George Gershwin (1898-1937) composed a whole series of
unforgettable songs with texts by his brother Ira; his first major hit was Swanee.
Gershwin was also the first who seriously understood how to combine jazz and
symphonic music, in his Rhapsody in Blue, which was composed in January
1924 and was orchestrated by Ferde Grofé. The première was given by Paul Whiteman's
orchestra, with Gershwin himself as soloist. When Gershwin sought out Maurice
Ravel in Paris with a view to taking lessons, Ravel apparently asked if he could
take lessons from Gershwin instead. He also wrote a series of musicals, and
many of his most famous songs were first heard in such a context. This applies,
for instance, to Strike Up The Band ([4]), from the musical of the same
name, first given in Philadelphia in 1927.

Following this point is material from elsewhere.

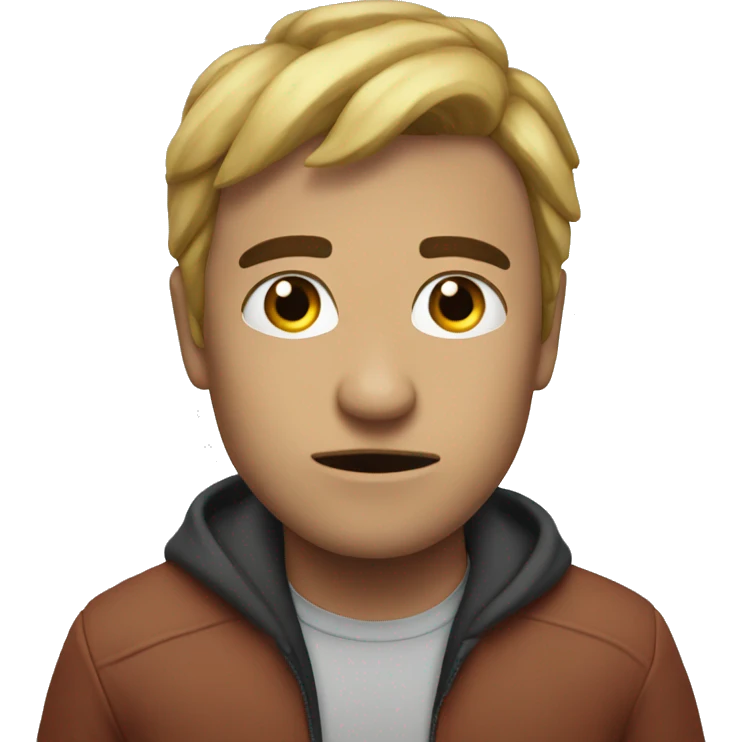 nope 1 emoji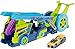 Hot Wheels Split Speeders X Blade Rig Vehicle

Josef Franz Wagner (1856-1908) (no relative of Richard) has
sometimes been called 'the Austrian march king' and it is certainly true that Austria - especially Vienna - was close to his heart. In 1899, after 21 years, he gave up a career
in the armed forces and organized his own military band, which soon became
popular. He composed more than four hundred pieces, but it was his marches that
brought him the greatest fame. Unter dem Doppeladler (Under the Double
Eagle, [6]), the name is an allusion to the two eagles in Austria's coat of arms, is one of the most famous of all marches.
It is exceptional for a person's name to be applied not only
to a type of ensemble but also to a type of music, but that is exactly what
happened to Johann Schrammel (1850-93) and his brother Joseph. They were both
violinists in the Schrammel Quartet that they formed in 1877. The other
instruments were the guitar and clarinet (later accordion). At first the music
they played was typically Viennese, and the Austrian capital was also the
subject for Johann's march Wien bleibt Wien (Vienna will always be Vienna, [7]).

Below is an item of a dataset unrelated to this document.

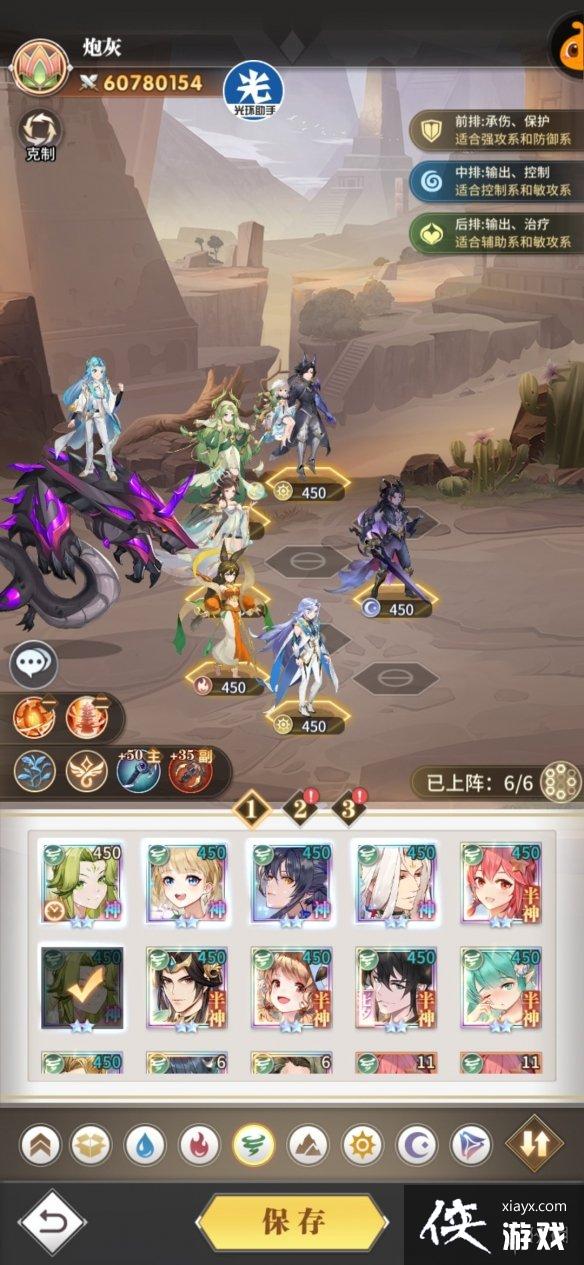 ���޴�½������������Ů���ݴ���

Victor Herbert (1859-1924) is nowadays best known for his
operettas, but he was one of the most significant figures in American music in
the early twentieth century. Born in Dublin, he received his musical education
in Germany and Austria, and in 1886 arrived in America, where he became
principal cellist of the Metropolitan Opera Orchestra. He was an exceptionally
talented musician and an outstanding conductor. He was also one of the first to
compose music for films, and an enthusiastic champion of the phonograph. The
well-known March of the Toys ([8]) comes from his operetta Babes in
Toyland, first performed in Chicago in June 1903.

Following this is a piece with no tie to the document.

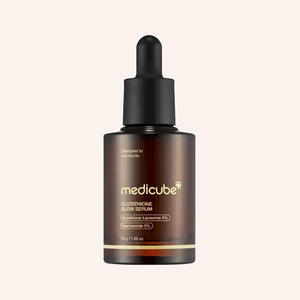 Medicube Glutathione Glow Serum 30g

Frederick J. Ricketts (1881-1945) composed under the
pseudonym Kenneth J. Alford. When he was just fourteen he lied about his age in
order to join the First Battalion, Royal Irish Regiment and, after seeing
service in India, he joined the Royal Military School, Kneller Hall. He is
supposed to have helped a number of other students who were given the task of
composing music but were not as proficient as he was. In 1930 he became director
of music for the Plymouth Division, Royal Marines. Under his leadership this
ensemble achieved worldwide fame, with tours to France and Canada. During the Second World War, Alford, by then promoted to the rank of major, took the
ensemble all over England. He retired a year before his death. His most famous march
is Colonel Bogey ([9]), not least because of the prominent rôle it plays
in the film The Bridge on the River Kwai (1957). It also became
extremely popular during the Second World War among British soldiers, who
provided it with texts unsuitable for printing.
John Philip Sousa (1854-1932) is indeed the march king, in
all categories. He personified turn-of-the-century America, with its relatively
unsuspecting character and irresistible energy. His own orchestra often
undertook tours around the globe and did pioneering work in introducing music
to hundreds of towns all over America. Sousa composed a large number of
marches, of which The Stars and Stripes Forever, Washington Post and
Semper Fidelis are among the most popular. Here we have chosen to
represent him with a march that is not played quite so often, The Liberty
Bell, from 1893 ([10]). Sousa was inspired to write the piece in Chicago, when he saw a painting of Philadelphia's famous Liberty Bell. By a happy coincidence
he received a letter from his wife the next day in which she explained how
their son had taken part in a ceremony centred on this very bell and had thus shown
himself to be a true patriot. Patriotism, of course, was a matter of honour for
Sousa. Even if the march is relatively seldom played, it may nevertheless sound
strikingly familiar, perhaps because John Cleese and his colleagues used it as
the signature tune for the BBC comedy Monty Python's Flying Circus.
Not much is known about Kurt Noack (1895-1945), the composer
of Heinzelmännchens Wachtparade (Brownie's guard parade). He was active
in Berlin and Stettin (Szczecin) and wrote a number of works for salon
orchestra, among them Valse Scandinave and Marionetten um Mitternacht.
Heinzelmännchens Wachtparade was his 'big hit'.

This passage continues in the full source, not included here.